The reply must repeat the listing below exactly and carry none of its pictures.
++++ GIVEN INFORMATION
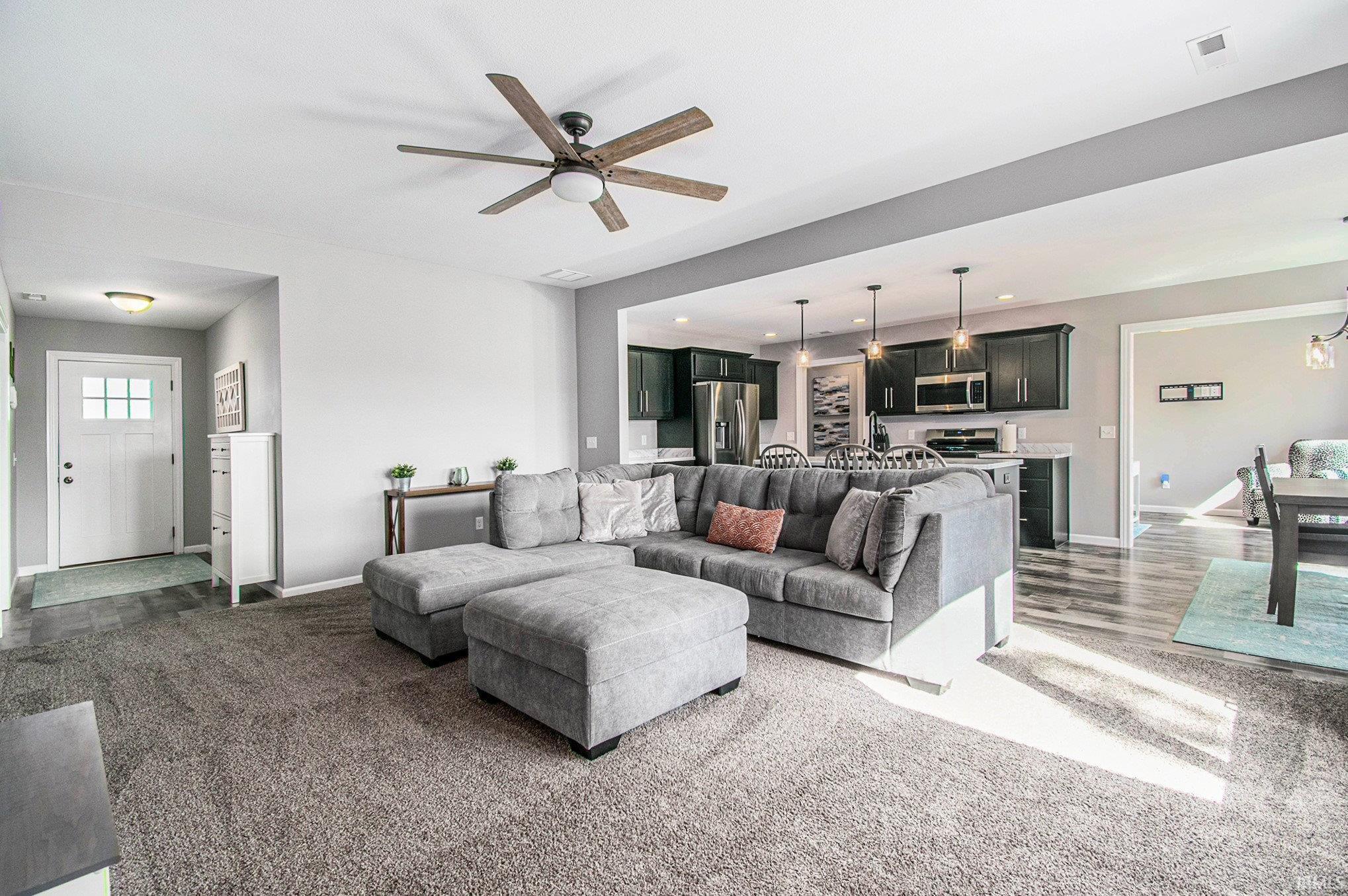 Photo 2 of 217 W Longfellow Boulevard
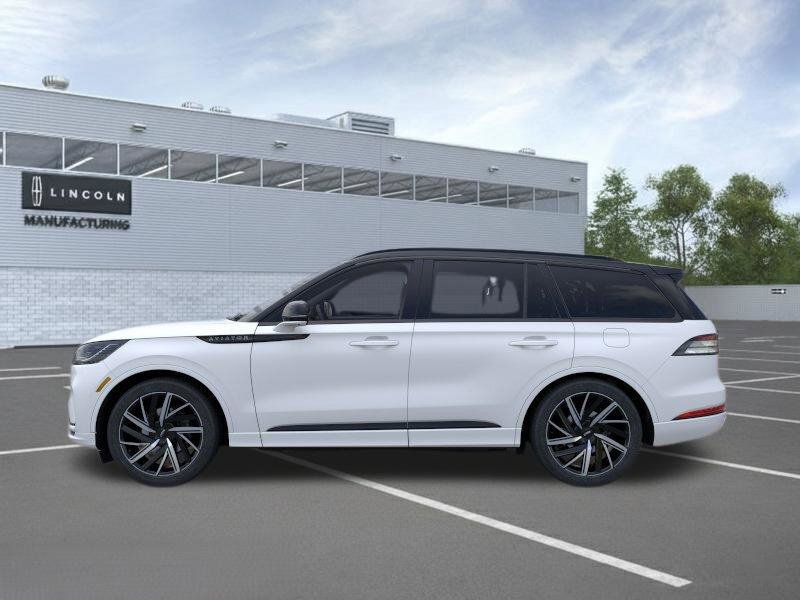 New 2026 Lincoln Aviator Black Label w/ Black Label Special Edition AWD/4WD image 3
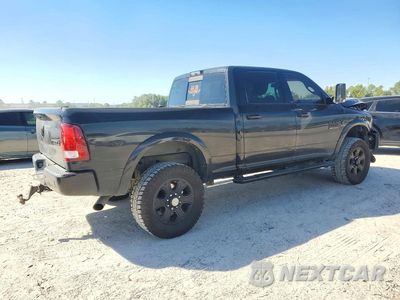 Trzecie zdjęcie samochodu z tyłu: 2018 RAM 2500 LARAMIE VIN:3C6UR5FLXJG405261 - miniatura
++++++++
_EXERCISE OUTPUT:_
 Photo 2 of 217 W Longfellow Boulevard
 New 2026 Lincoln Aviator Black Label w/ Black Label Special Edition AWD/4WD image 3
 Trzecie zdjęcie samochodu z tyłu: 2018 RAM 2500 LARAMIE VIN:3C6UR5FLXJG405261 - miniatura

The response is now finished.